Сдаю вахту старпому в шестнадцать. На 72-й параллели сдаю, курс 90°. Желаю выйти на чистую воду и спускаюсь вниз. Такое ощущение, что спускаюсь не в каюту, а прямо на остров Врангеля — так за вахту привык ощущать остров ниже себя на карте. Но в каюте не оказывается ни мускусных быков, ни заледенелой тундры. Есть не хочется — только спать.
Нашему поколению свойственно ощущать жизнь этаким неправдашним театром, что ли. Уж какую ответственность несут некоторые мои однокашники-одногодки, уже скольких похоронили мы товарищей, сколько уж инфарктов, сколько убеждались в том, что жизнь — серьезная штука, дается один раз, ан все кажется, что она театр. Даже когда в реанимацию угодишь и о завещании серьезно думаешь, и даже когда заставишь себя этот мрачный жанр освоить на деле, на бумаге.
Ведь не верится, что в апреле я был среди айсбергов возле Мирного в Антарктиде, а сейчас черт занес к северу от Врангеля и нашенский Владивосток от меня на две тысячи восемьсот миль к ЮГУ!

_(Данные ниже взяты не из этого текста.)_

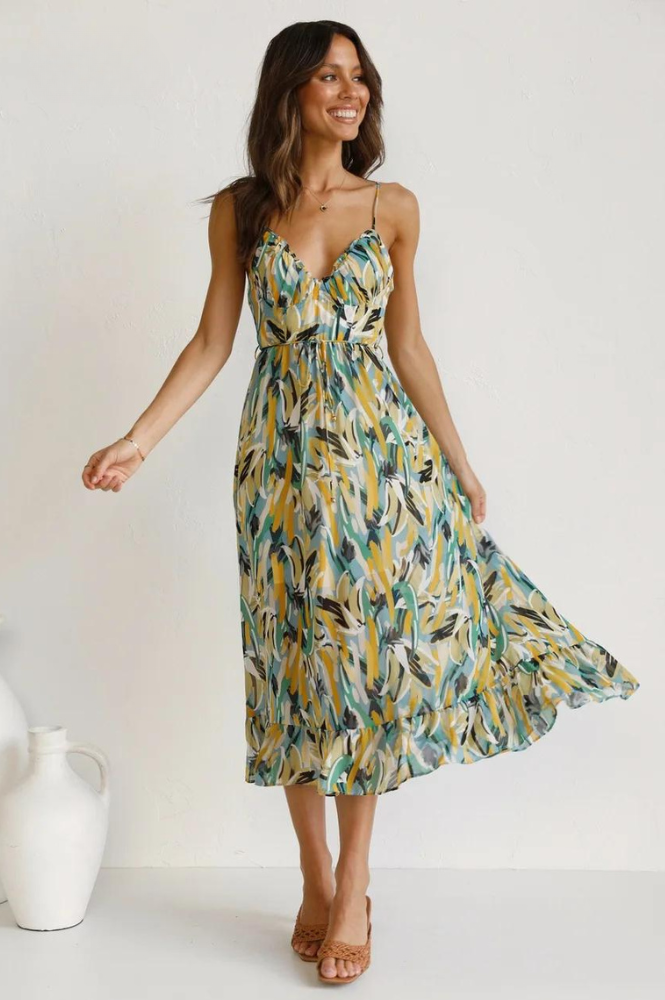 Comfortabele dames mouwloze zomerjurk in oranje-turkoois print. Stijlvol voor casual en vakantie.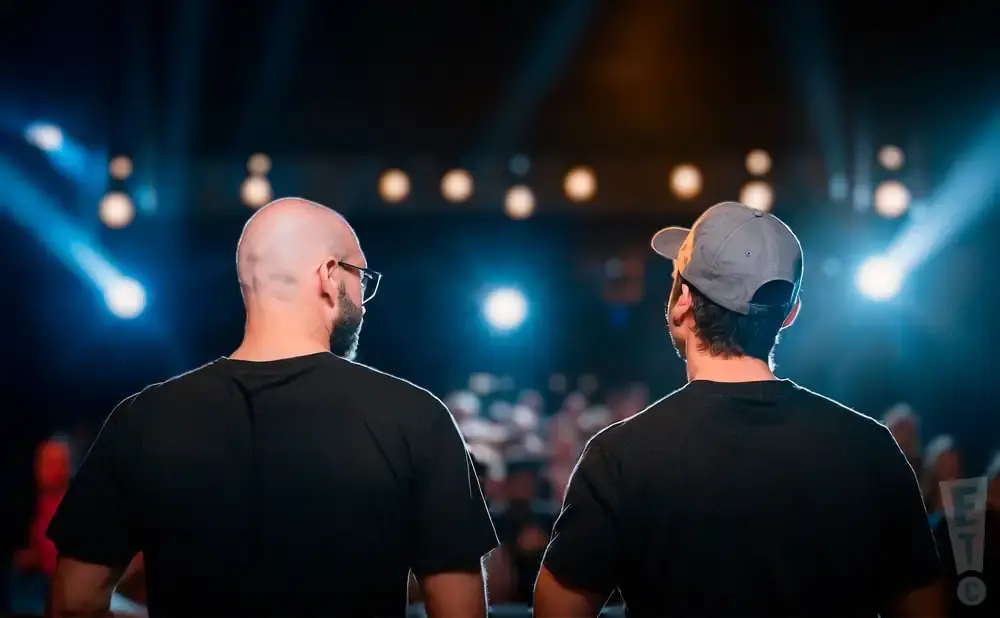 Two men, one bald with glasses and the other wearing a baseball cap, stand with their backs to the camera facing a stage with bright lights.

Заглянул В. В., поинтересовался, чего я не иду чай пить; сообщил, что утка, которой он присвоил официальное имя Кряква Иванна, вполне жива и возле Камчатки ее можно будет выпустить на свободу.
Тут возник в проеме открытой двери Октавиан Эдуардович и мрачно заметил:
— Мы честно боролись за утиную жизнь. И потому возле Камчатки привяжем ее веревкой за ногу, честно дадим взлететь, а потом зажарим.